U.S. District Judge John Preston Bailey in West Virginia issued a temporary restraining order against the NCAA on Wednesday. The ruling said athletes who previously were denied the chance to play immediately after transferring a second time can compete in games for 14 days.

As some schools with athletes impacted by the ruling consulted with their internal legal teams to determine the next steps, a document circulated by the NCAA to its member schools clarifies that the redshirt rule for athletes would still apply if the court’s decision is reversed: Basketball players who compete during the two-week window would be using a season of eligibility.

The court ruling comes while the transfer window is open for football and creates an opportunity for players who have already transferred using their so-called one-time exception for immediate eligibility to enter the portal again and be cleared to compete next season.

A hearing on the restraining order is set for Dec. 27. The lawsuit filed by seven states could have a profound impact on college sports if successful. In court documents, the NCAA said the plaintiffs “seek to remake collegiate athletics and replace it with a system of perpetual and unchecked free agency.”

NCAA rules allow underclassmen to transfer once without having to sit out a year.

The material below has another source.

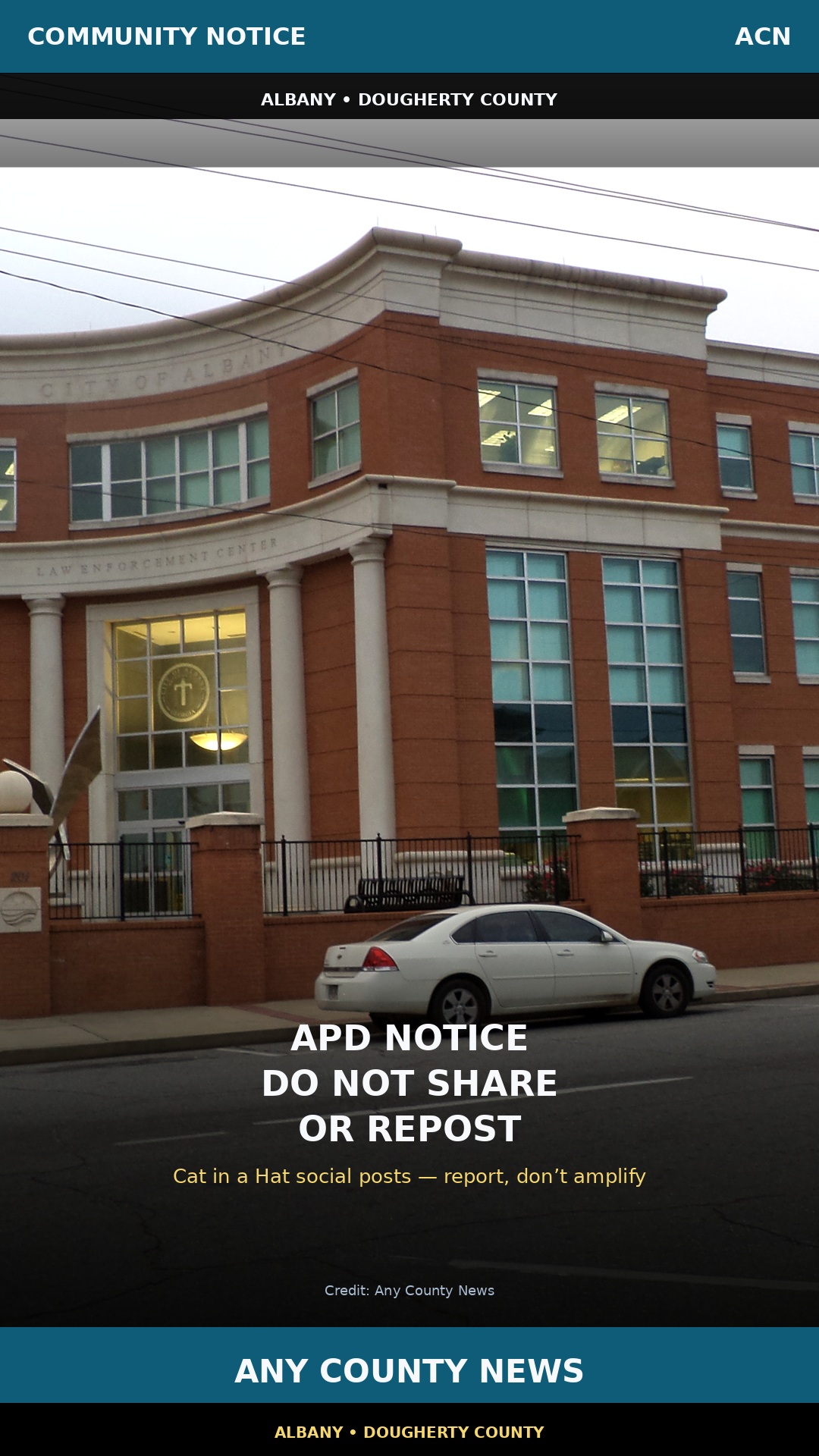 APD community notice — Cat in a Hat social posts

But an additional transfer as an undergraduate generally requires the NCAA to grant a waiver allowing the athlete to compete immediately. Without it, the athlete would have to sit out for a year at the new school.

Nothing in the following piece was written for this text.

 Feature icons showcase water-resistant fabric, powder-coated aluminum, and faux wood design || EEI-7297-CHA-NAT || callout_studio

Last January, the NCAA implemented stricter guidelines for granting those waivers on a case-by-case basis.

According to the NCAA, the percentage of college athletes who have transferred multiple times and sought immediate playing eligibility in recent years is miniscule: 0.17%.

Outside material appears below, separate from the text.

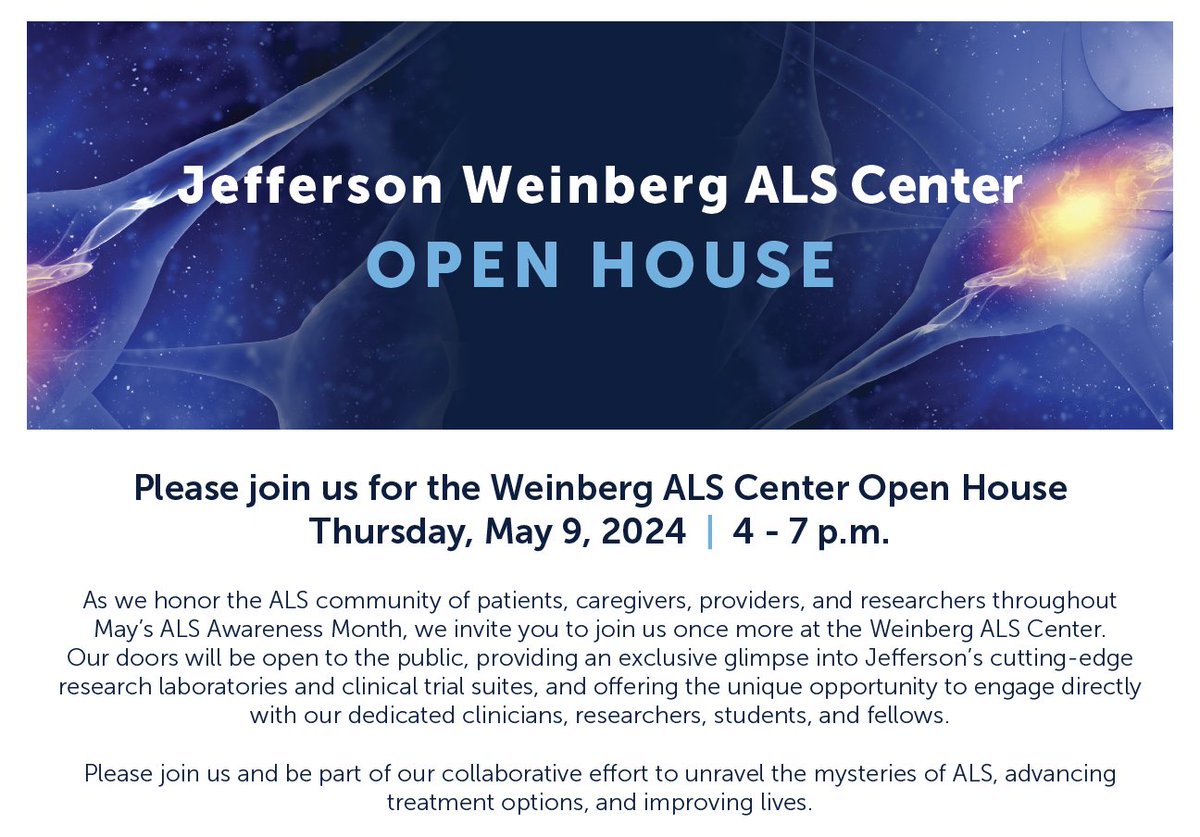 May is ALS Awareness Month. Join us today at the Weinberg ALS Center (<a href="/weinbergals/">Weinberg ALS Center</a>) Open House to learn more about our research and our efforts to contribute in the development of new therapies 🧠🔬🧫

John Holden, an Oklahoma State business professor specializing in sports law and regulation, said he doesn’t anticipate a “huge desire” among athletes to transfer, especially in the next two weeks. Some will take advantage of the window, “but much like every other student on campus that we don’t make sit out for a year, this is really just putting them in the same position as though they are any other student on campus,” Holden said.

Patrick Stubblefield, a sports attorney and a former college compliance official, said that if the second-time transfer rule is overturned and the college transfer portal becomes a free-for-all, incoming recruiting classes potentially could find it more difficult to earn a roster spot if there’s a larger pool of athletes changing schools.

“It’ll shift things a little,” Stubblefield said. “There’s going to be some trickle-down effects, I would presume. But I don’t necessarily know how to quantify that as good or bad.

“Athletes for the most part are able to take agency over their own situations and determine for themselves, for whatever reasons they so choose, what is going to be in their best interests.”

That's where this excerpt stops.